* Task details:
Set down the entries exactly as they appear, apart from the images, which stay out.

─── Records shown

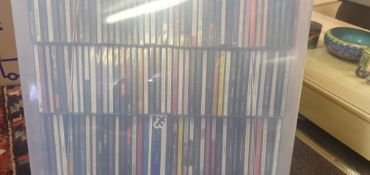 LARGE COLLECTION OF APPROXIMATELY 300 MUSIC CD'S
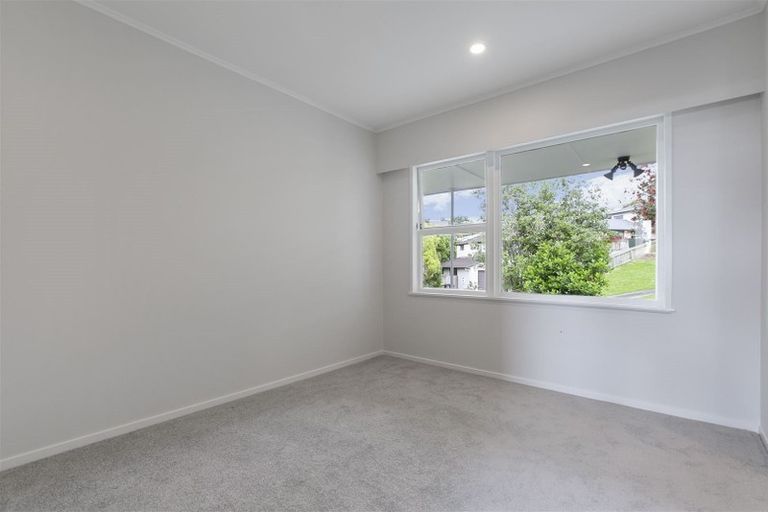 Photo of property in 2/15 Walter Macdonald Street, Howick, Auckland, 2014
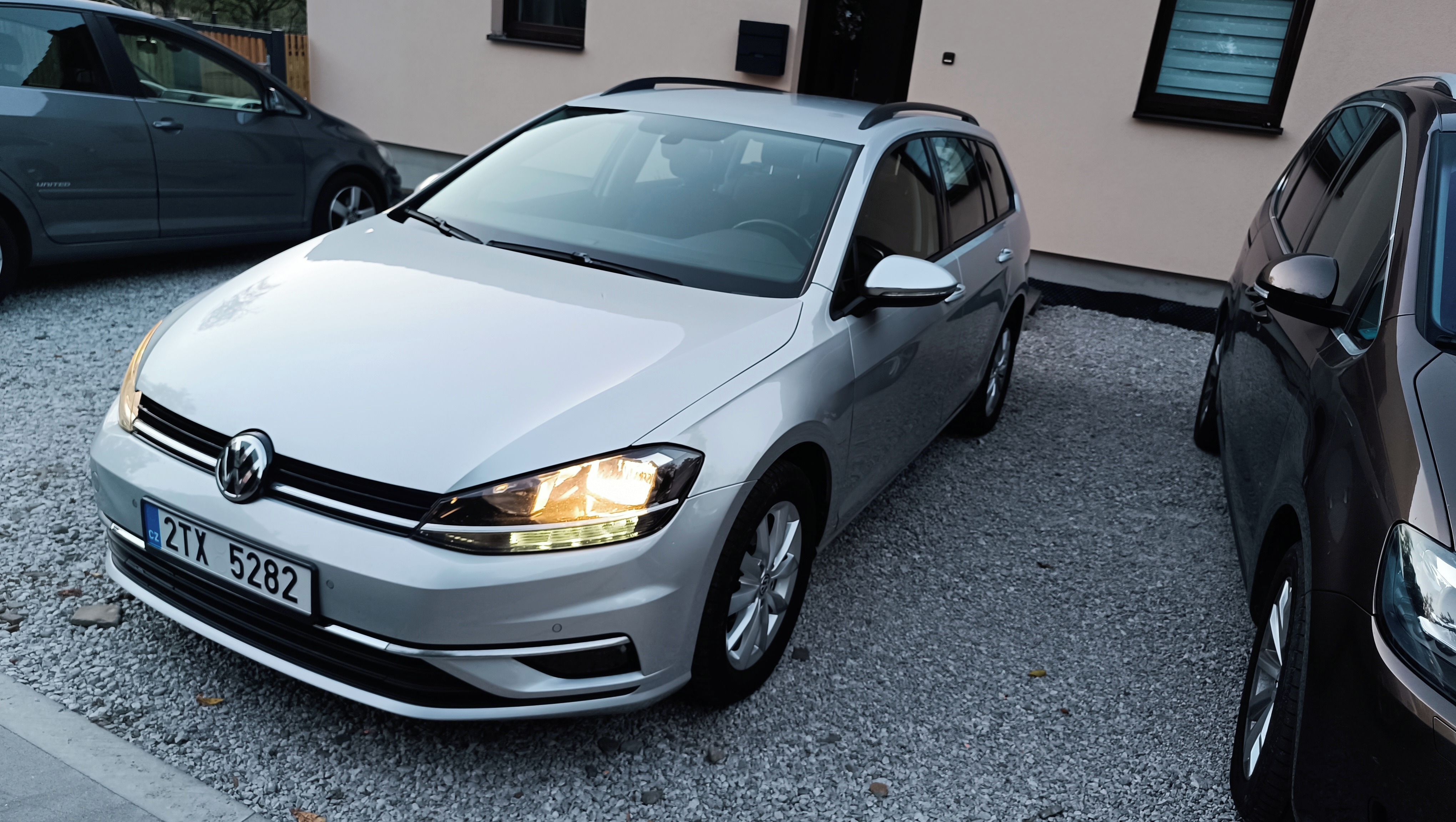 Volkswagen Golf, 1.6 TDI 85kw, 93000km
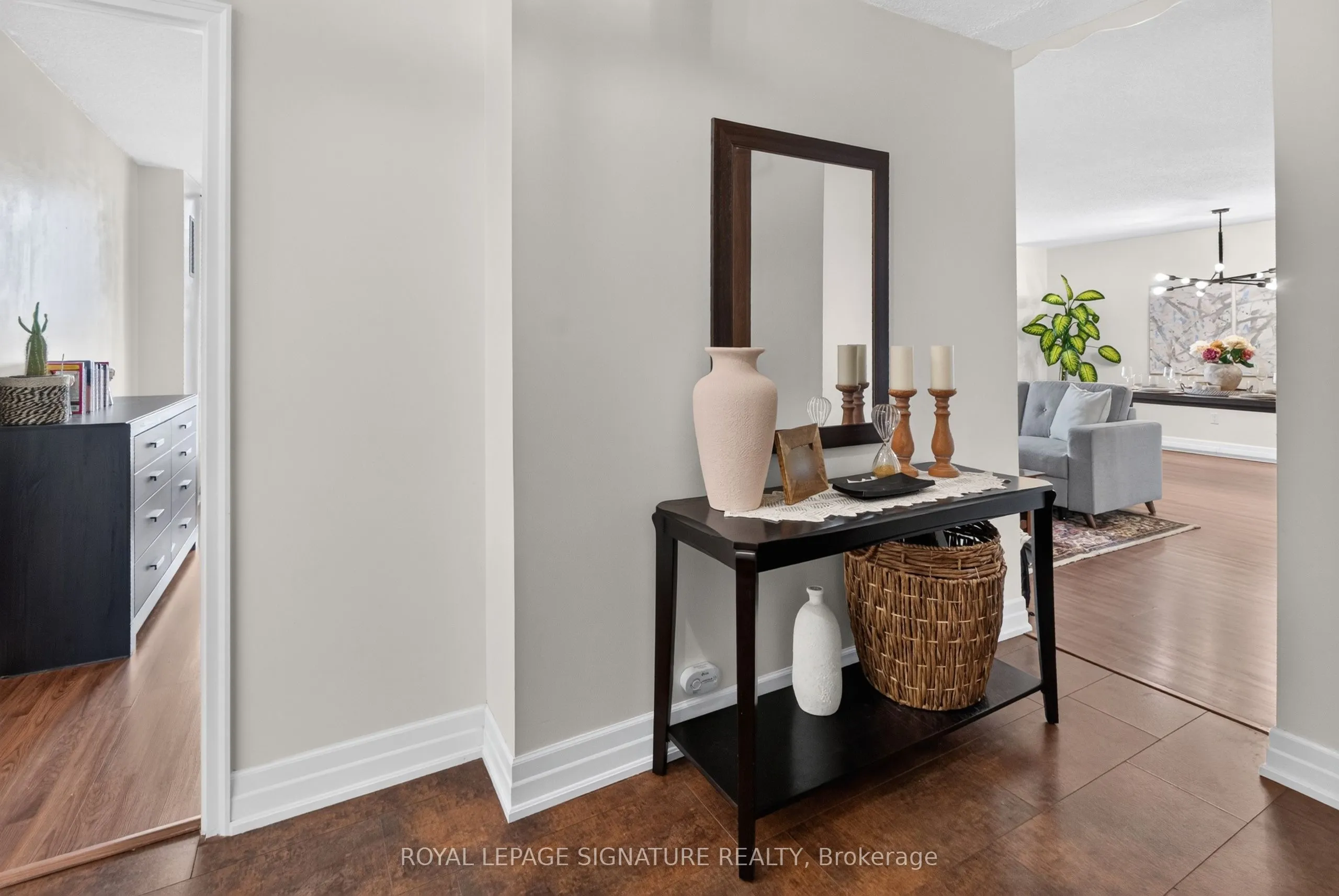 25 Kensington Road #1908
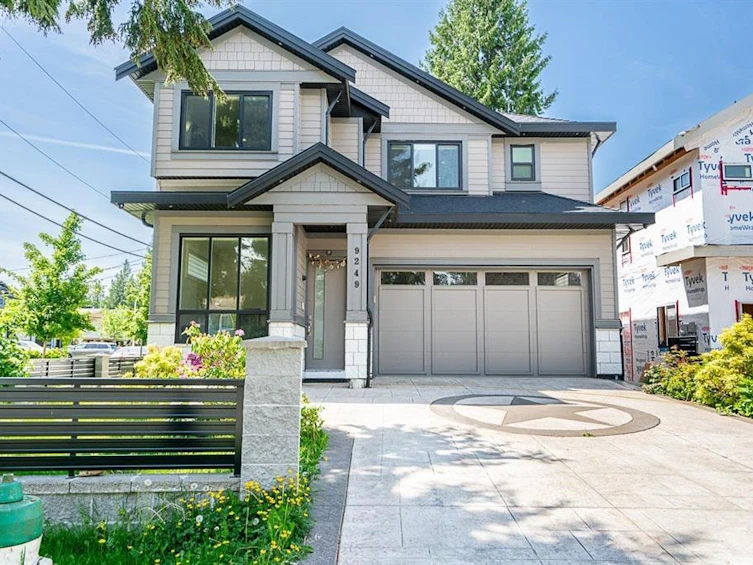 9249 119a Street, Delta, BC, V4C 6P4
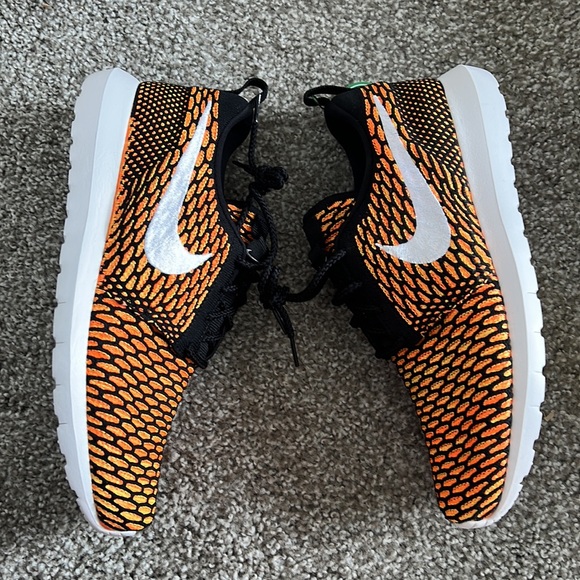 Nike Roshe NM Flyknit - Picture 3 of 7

──────

* Completed task:
 LARGE COLLECTION OF APPROXIMATELY 300 MUSIC CD'S
 Photo of property in 2/15 Walter Macdonald Street, Howick, Auckland, 2014
 Volkswagen Golf, 1.6 TDI 85kw, 93000km
 25 Kensington Road #1908
 9249 119a Street, Delta, BC, V4C 6P4
 Nike Roshe NM Flyknit - Picture 3 of 7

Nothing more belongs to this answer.